[Short descriptive text snippets]
◇ ◇ ◇ ◇ ◇ ◇ ◇

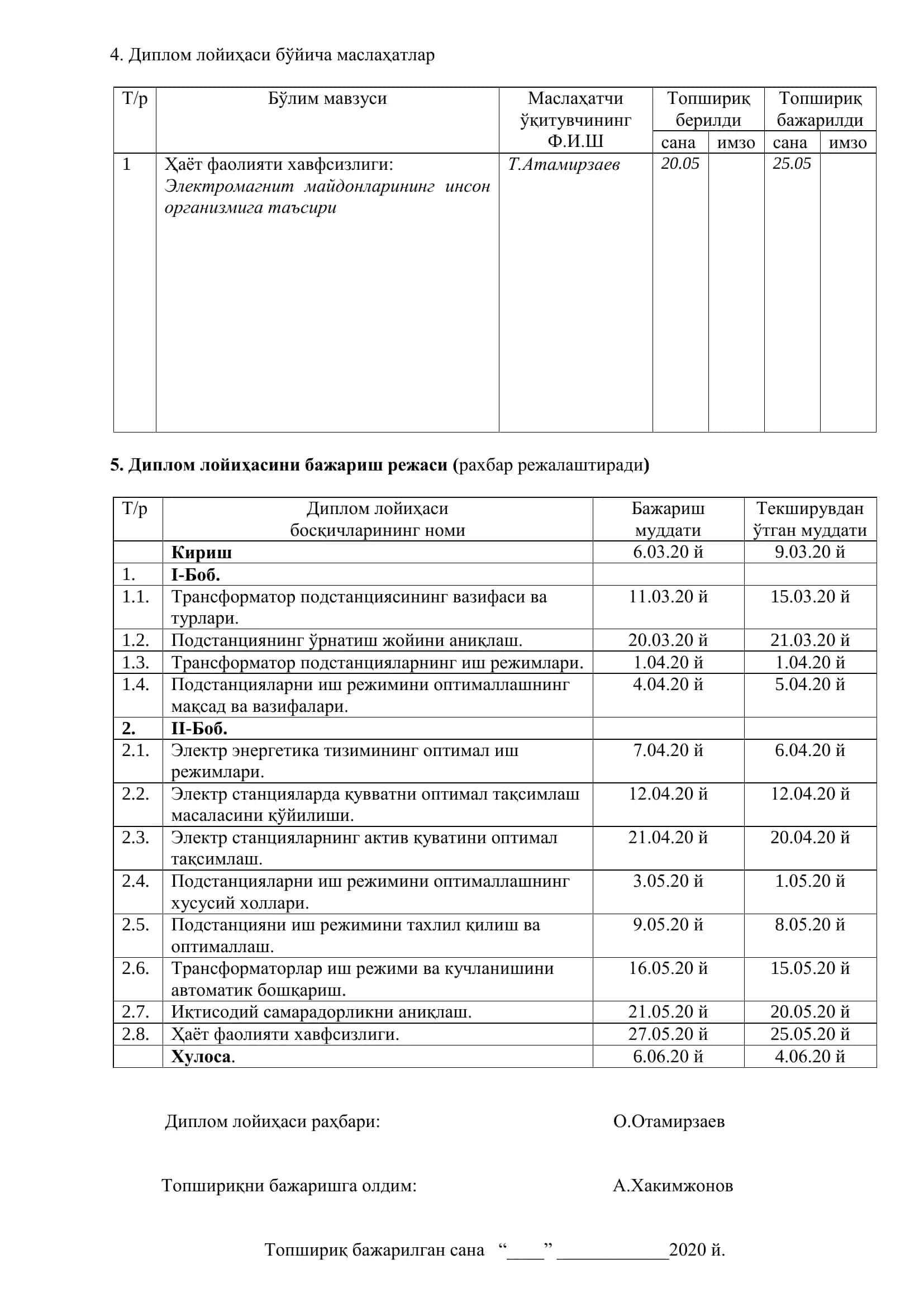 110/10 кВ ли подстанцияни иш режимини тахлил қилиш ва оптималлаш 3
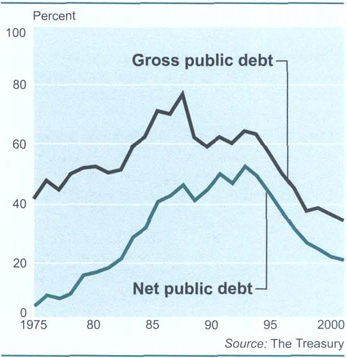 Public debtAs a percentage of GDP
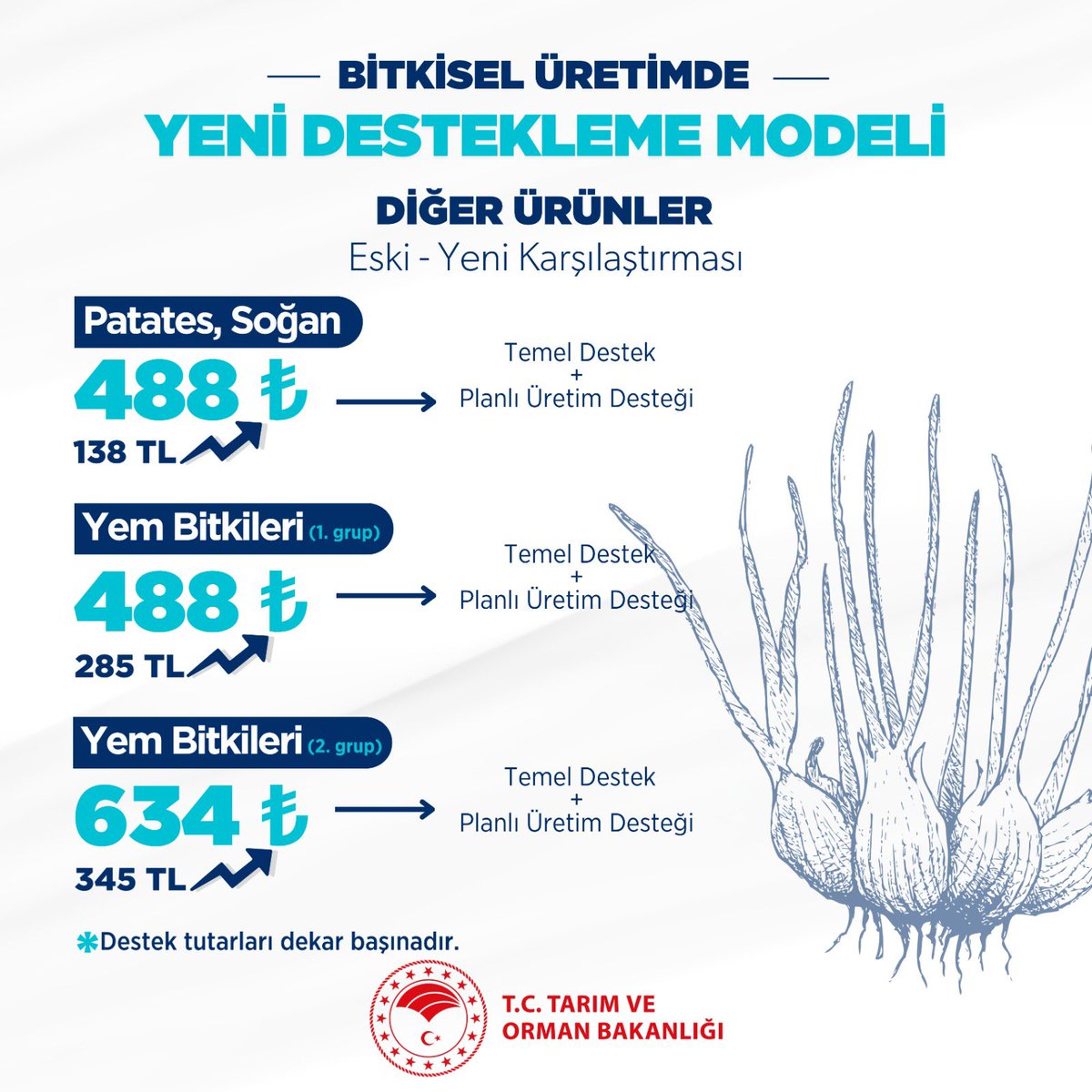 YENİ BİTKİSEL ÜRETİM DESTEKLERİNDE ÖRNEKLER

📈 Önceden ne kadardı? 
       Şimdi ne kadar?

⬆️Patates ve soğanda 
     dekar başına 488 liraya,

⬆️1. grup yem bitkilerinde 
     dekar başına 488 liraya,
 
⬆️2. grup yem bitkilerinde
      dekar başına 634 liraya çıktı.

◇ ◇ ◇ ◇ ◇ ◇ ◇

WHAT TO WORK ON: The expected result is every line above containing the string "grup".

REPLY:
⬆️1. grup yem bitkilerinde 
⬆️2. grup yem bitkilerinde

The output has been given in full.